What to produce: The answer should match the entries that follow exactly, except that no image appears in it.

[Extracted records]
Segment Open
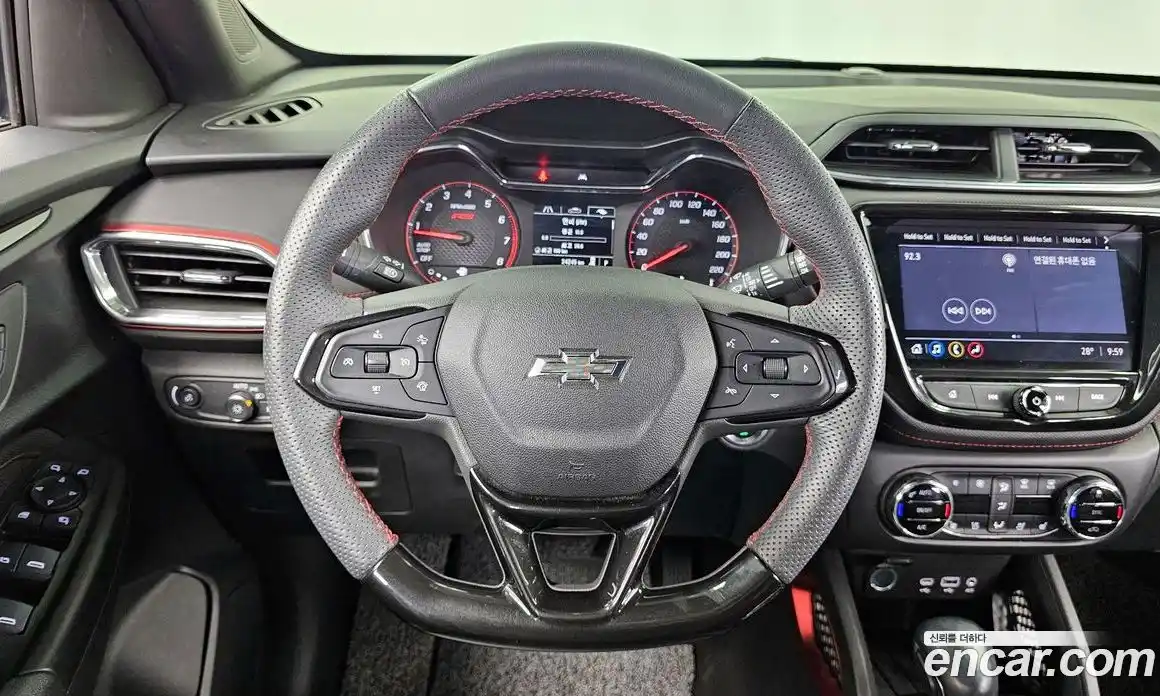 Chevrolet TrailBlazer 2022 1.3 автомат (гидро), фото 19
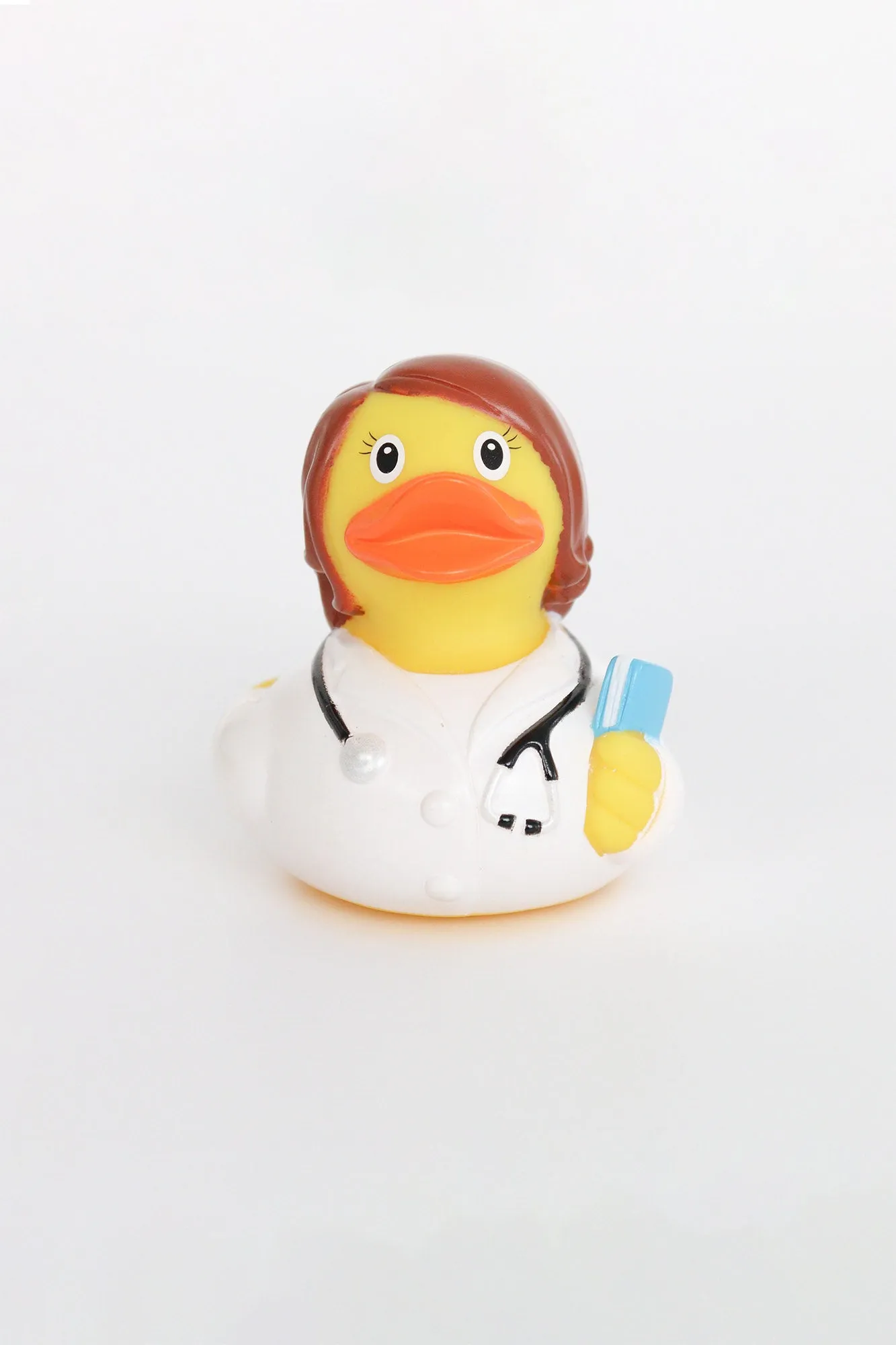 Female Doctor Duck Toy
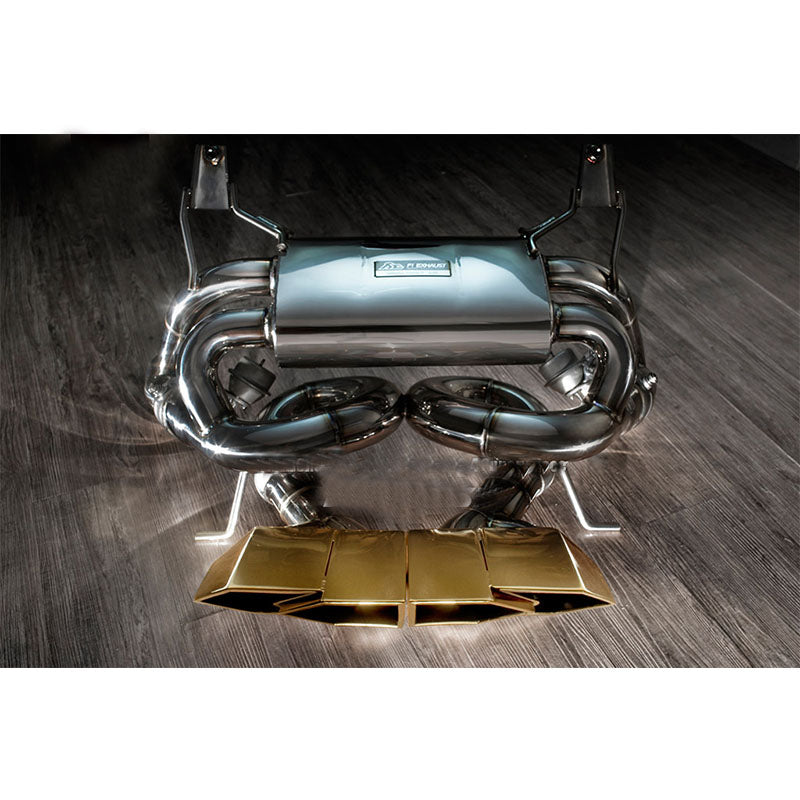 FI Exhaust Stainless Ultra High Flow Pipe For Lamborghini Aventador LP750-4 SV 2015-2020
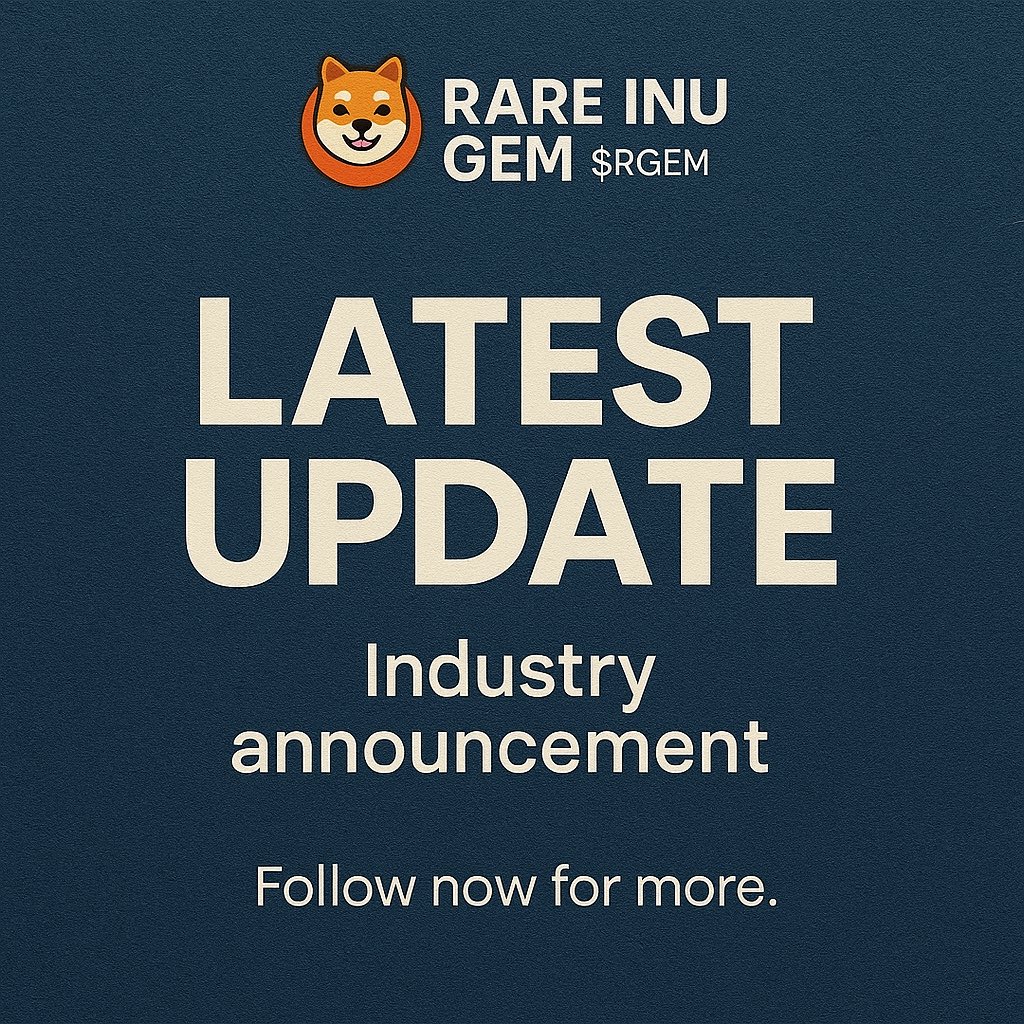 RareInugem's tweet photo. 🔥 The Future is Rare, The Future is $RGEM!
💎 Collectibles. 🌊 Coral-backed. 🌍 Global community.
🚀 Every swap makes the GemFamily stronger!

👉 Start with just $1 today and watch it grow 🌕

#RareInuGem #RGEM #CryptoCommunity #BNBChain #DeFi #GemFamily https://t.co/EE3G6pKg3W
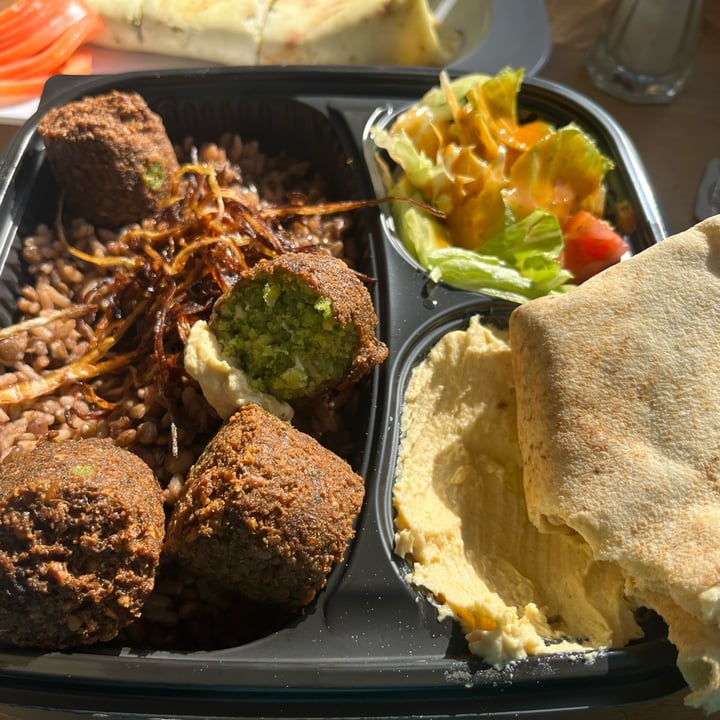 photo of Lawadessa Restaurant Falafel Special Meal shared by @skeeter on  18 Feb 2024 - review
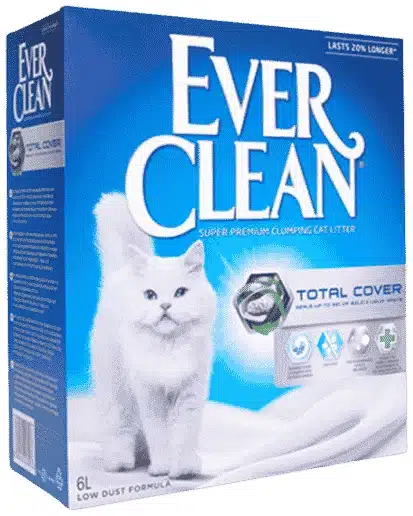 אברקלין טוטאל קבר אפור 10 ליטר -  Ever Clean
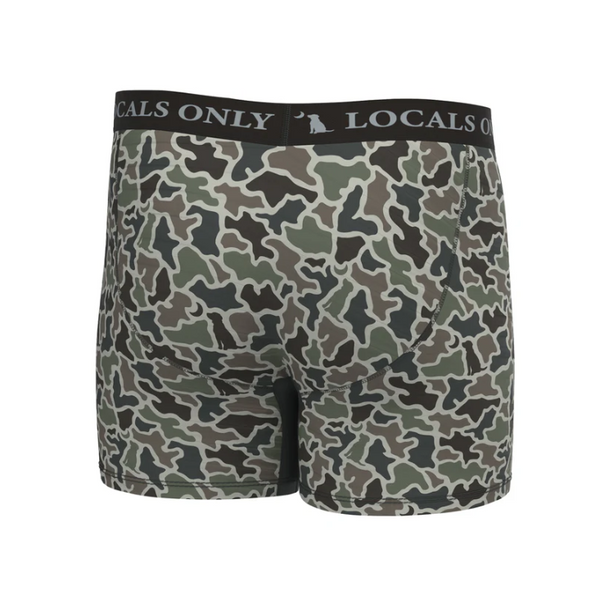 Boxer Briefs - Dog & Moon Camo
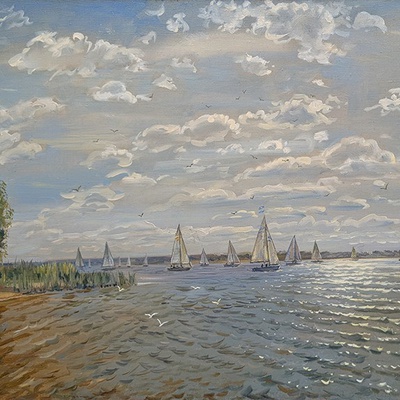 Регата на Волге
Segment Closed
Response to this task:
 Chevrolet TrailBlazer 2022 1.3 автомат (гидро), фото 19
 Female Doctor Duck Toy
 FI Exhaust Stainless Ultra High Flow Pipe For Lamborghini Aventador LP750-4 SV 2015-2020
 RareInugem's tweet photo. 🔥 The Future is Rare, The Future is $RGEM!
💎 Collectibles. 🌊 Coral-backed. 🌍 Global community.
🚀 Every swap makes the GemFamily stronger!

👉 Start with just $1 today and watch it grow 🌕

#RareInuGem #RGEM #CryptoCommunity #BNBChain #DeFi #GemFamily https://t.co/EE3G6pKg3W
 photo of Lawadessa Restaurant Falafel Special Meal shared by @skeeter on  18 Feb 2024 - review
 אברקלין טוטאל קבר אפור 10 ליטר -  Ever Clean
 Boxer Briefs - Dog & Moon Camo
 Регата на Волге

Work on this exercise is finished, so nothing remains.